▶ _TASK BRIEF_: Retype the lines below exactly, from the one that contains "Hey friends, welcome" through the last, and leave every picture out.

▶ _SUPPLIED INFORMATION_:

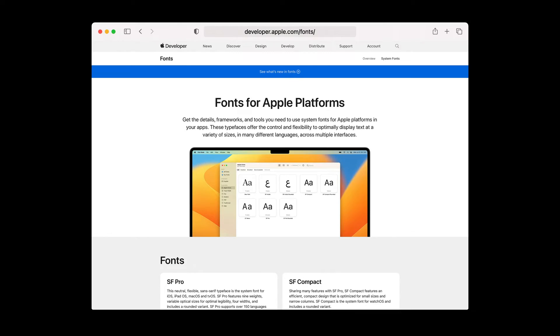The latest SF Pro, SF Arabic, SF Arabic Rounded, and all the other font families are available for download on the developer.apple.com website. And that's a wrap for this session. I hope you enjoyed learning about all the latest additions to the system fonts. Thank you for watching. Ciao!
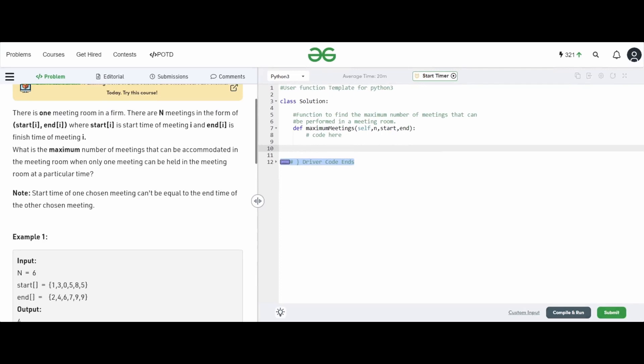Imagine you are sitting in a meeting room. You're given the start and end times of a particular set of meetings. Let's say you have meeting one with a start time of one and an end time of two, so it runs from one to two. You have meeting two with a start time of three and end time of four, running from three to four. You also have a meeting with a start time of zero and end time of six. What you need to do is maximize the number of meetings that can happen in the meeting room.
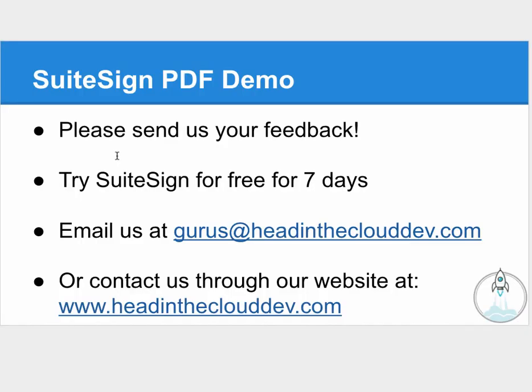At Head in the Cloud Development, we're always looking for ideas to make our products better. Please get in touch with us if you have product feedback or if you're interested in purchasing SuiteSign PDF. You can email us at gurus@headintheclouddev.com or contact us through our website at www.headintheclouddev.com. We'll see you at SuiteWorld. Thanks for watching.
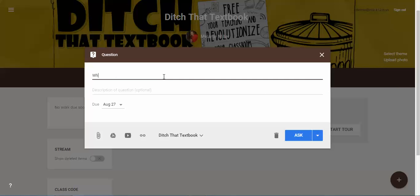So I'll type, what do you remember about dolphins? Let's say we were having a conversation about that.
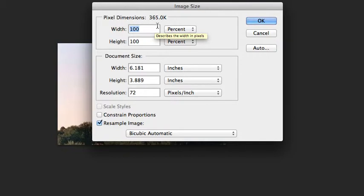Resizing using pixels might be a bit more confusing. Resizing using percentage is probably the better choice rather than typing in a specific value.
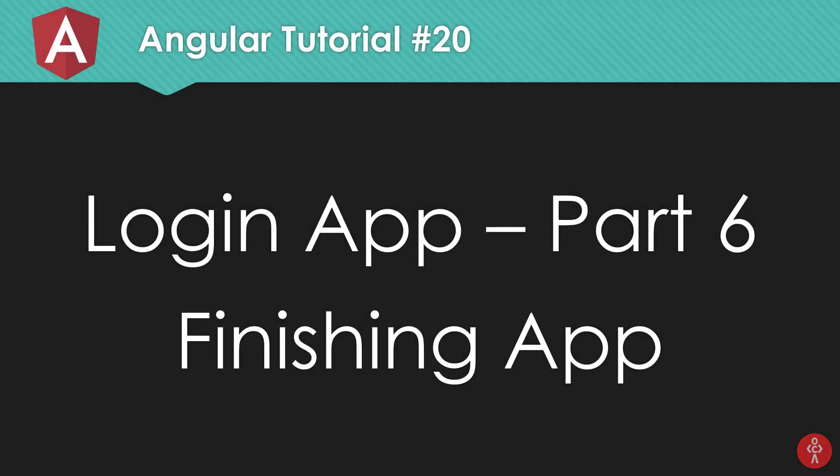So what is going on dammers? My name is Mehul and welcome to your 20th Angular 6 tutorial in which we're gonna take a final look at our login application and finish it off and make it ready. So let's get started.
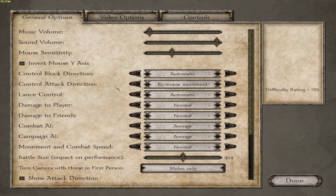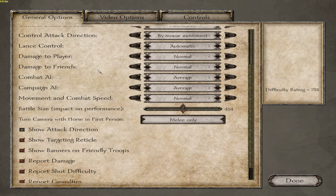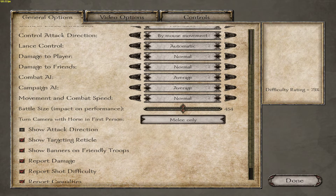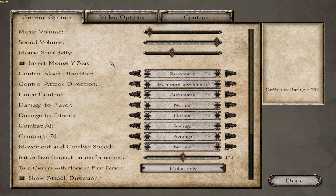It even happens in the menu as well — look. I don't know what's going on.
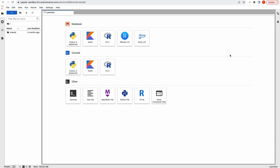You will initially be taken to the home page of JupyterHub. This is the familiar JupyterLab interface, which shows you all the kernels installed here. Python, Kotlin, R, RStudio, and Shiny are available.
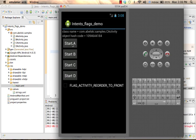As you can see, the hashcode number is different from the one we saw before, meaning that this is a new object instantiated from A activity. Now if we write down this new number 1094116296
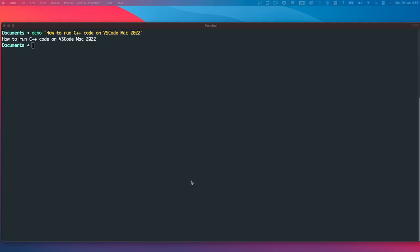Hey friends, welcome to One Little Coder. Today in this short tutorial we're going to learn how to run C++ code on Visual Studio Code, Mac version, in 2022. There are a lot of outdated tutorials on the same topic on YouTube, so I wanted to make a fresh tutorial. We're going to cover dependencies, installing the required extension, running a sample program, and also how to enable the debugger.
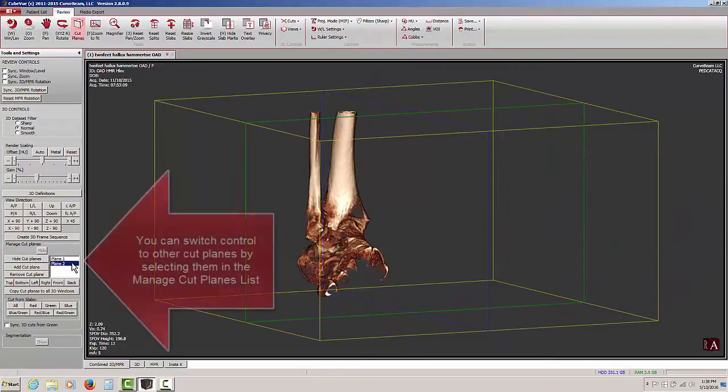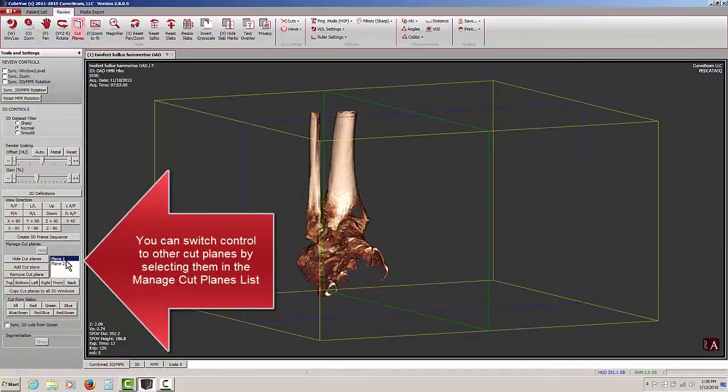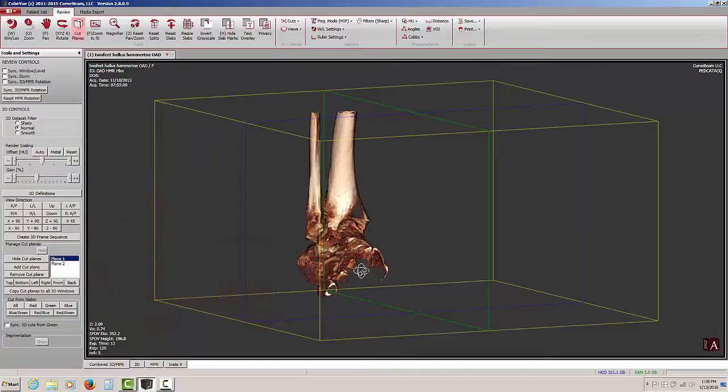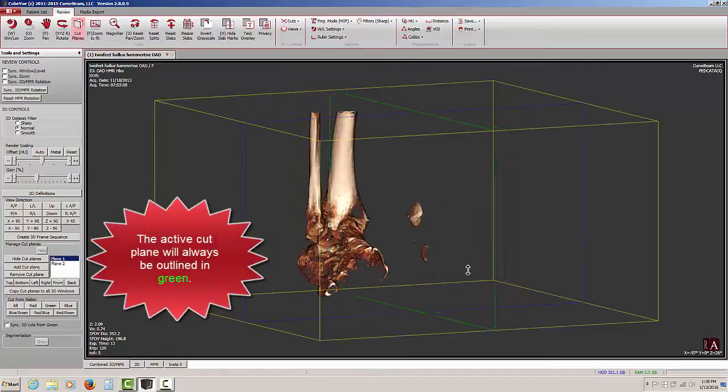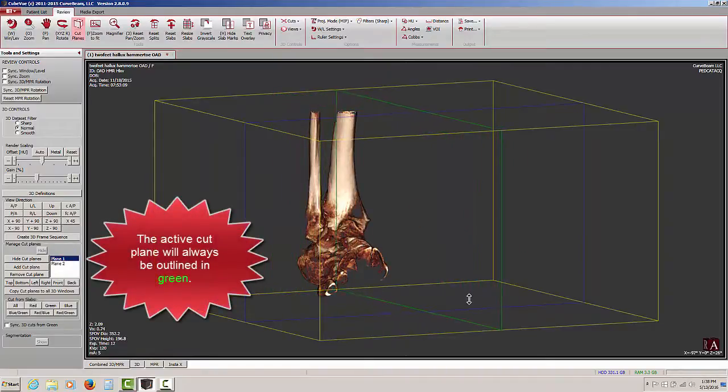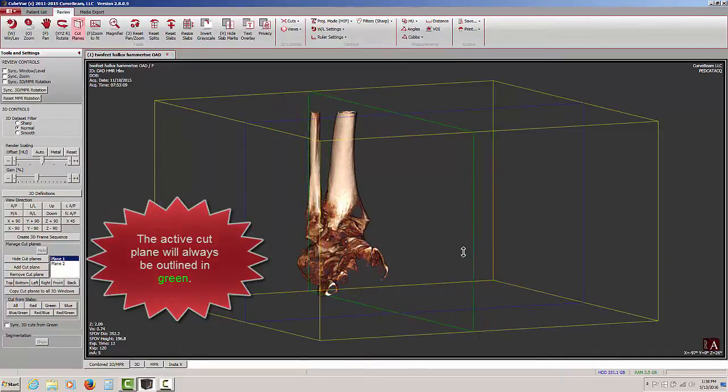I can also switch to the other cut plane by going over to the cut plane management window. And now I am shifting my cut plane from left to right. I have shifted to or moved control to the other cut plane.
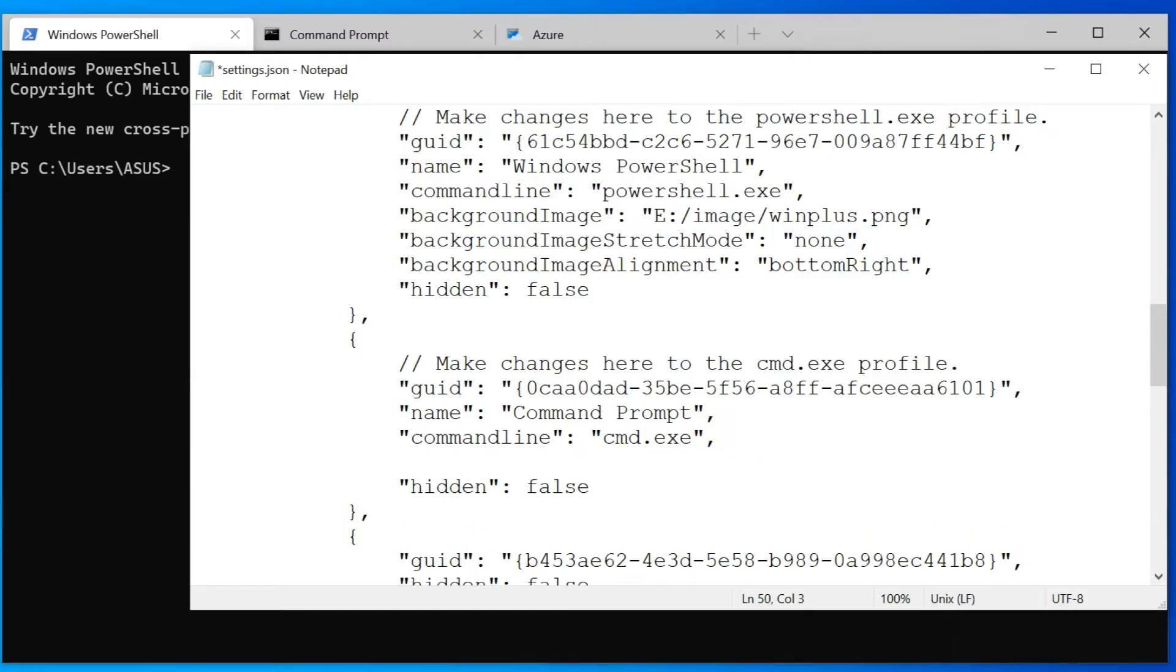Now I am setting two different background images in CMD profile and Azure profile.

▶ _EXPECTED ANSWER_:
Hey friends, welcome to One Little Coder. Today in this short tutorial we're going to learn how to run C++ code on Visual Studio Code, Mac version, in 2022. There are a lot of outdated tutorials on the same topic on YouTube, so I wanted to make a fresh tutorial. We're going to cover dependencies, installing the required extension, running a sample program, and also how to enable the debugger.
I can also switch to the other cut plane by going over to the cut plane management window. And now I am shifting my cut plane from left to right. I have shifted to or moved control to the other cut plane.
Now I am setting two different background images in CMD profile and Azure profile.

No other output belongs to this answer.